Mention to a room full of executives that a company has just employed a data scientist to do innovative things with data and you’ll get a round of knowing nods. That’s because they understand the scale of the opportunity in front of them.

More than two-thirds of CEOs globally see data, analytical capabilities and data driven technologies analytic as generating the greatest return for stakeholders, according to PwC’s 2017 Global CEO survey.

At the same time, it’s been estimated that a median Fortune 1000 company could increase its revenue by more than $2 billion a year if it increased data usability by just 10%.1

1https://www.forbes.com/sites/homaycotte/2014/12/04/convince-your-team-to-buy-in-to-a-big-data-solution-asap/#6221744242da

Risk still trying to catch up

But what many companies are finding out is that their data-generated insights, strategies and offerings are running ahead of their current governance systems’ ability to mitigate the risk. An unexpected or unanticipated use of data can raise questions by customers and even regulators. A worryingly high number of companies aren’t even completely sure as to what data they’re collecting and why, its accuracy, how it’s being used, how it’s protected, and even where it’s stored.

Having only a partial understanding of these fundamental issues can lead to missed business opportunities, but also unnecessary risks. Data could be compromised, stolen or misused, or it could be used to make decisions that are perceived as unfair or unethical. If out-of-date or inaccurate data is unwittingly used, the results could be embarrassing at best or cause harm at worst. We’ve all seen evidence in the media of the reputation damage that is caused when data is mishandled, leaked or hacked.

Lack of transparency is emerging as another key risk. Very few companies do a good job of explaining to their customers how information about them is used. This ambiguity can lead to unpleasant surprises once people realise what their acceptance of the privacy terms actually means.

The data governance spectrum

The answer to the data dilemma lies in developing a data governance system that strikes the right balance between capitalising on the full value of data and mitigating the downside risks. But it takes time and investment to reach that point.

The point at which Australian organisations sit on the spectrum varies, however it’s fair to say that there is plenty of scope for improved governance practices. The practices and capabilities embodied by data use governance ‘leaders’ should be the goal of all organisations.

To get there, companies need to do two things. First is to develop a comprehensive understanding of the data and information it holds. This needn’t be as difficult as it sounds as there are technology solutions to help. But you do need to know:

  • What data the company has
  • Where that data resides
  • How it’s being used and by whom
  • Whether that use is appropriate and optimal for that data and whether the data is optimal for its use
  • Whether data is being used in a way that’s consistent with legal obligations, customer and employee expectations, and the company’s values
  • How the data might be used in the future and is that different from how it’s being used today

Second is to build a robust governance structure that guides the development of the practices and capabilities necessary to manage data use effectively on an ongoing basis.
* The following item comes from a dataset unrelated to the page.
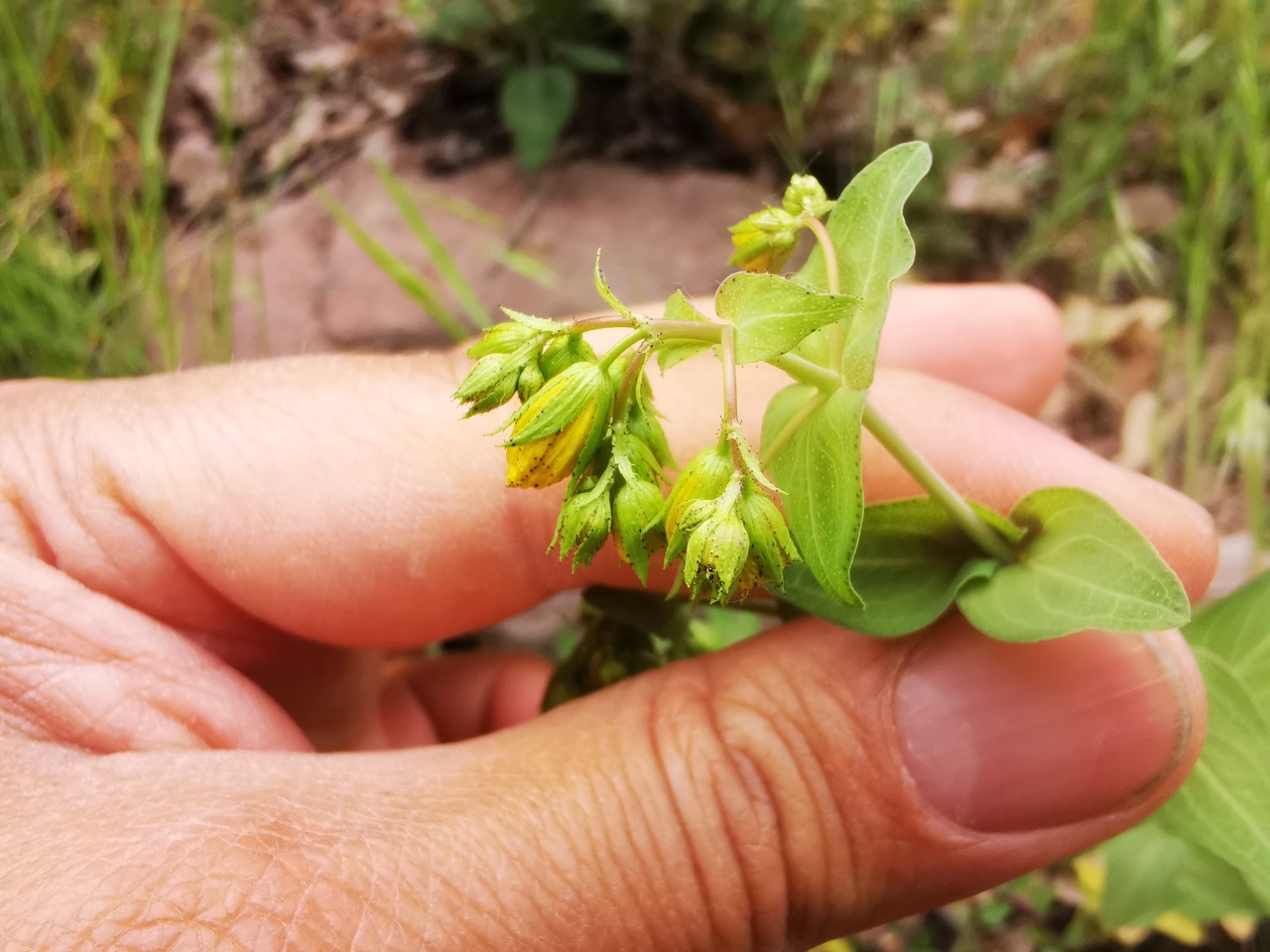 Hypericum montbretii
The governance structure should comprise four key pillars:

  • Strategy – make sure that data-use governance is tied to business objectives and ‘value-add’, rather than just ensuring compliance
  • People – think about who makes data-use and protection decisions, how they’re deployed and who they’re accountable to
  • Policies and processes – addresses how the data is going to be used and the way risks are addressed
  • Monitoring and improvement – advanced technologies can be deployed to evaluate, sustain and automate governance programs

Regulation is maturing as well

Most countries have put in place regulation to govern the use of data. The most advanced is the EU’s General Data Protection Regulation (GDPR), which potentially affects all companies doing business in the EU.

And it’s a big deal: a recent PwC survey in the US found that 68% of Fortune 1000 CEOs expect to spend between $1 million and $10 million to become GDPR ready.

In Australia, except where they are processing data related to EU residents, businesses currently need only to comply with the Australian Data Privacy Act, which is generally less rigorous and less punitive than the GDPR. But the EU framework provides a pretty clear picture of where the global regulatory landscape is heading.

Forward thinkers won’t be waiting for the Australian regulators to catch up. They will already be thinking about a measured and strategic approach to maximising value from data in a way that is responsible and takes account of impending regulatory change. These companies are thinking of how privacy and data protection enable a data centric strategy.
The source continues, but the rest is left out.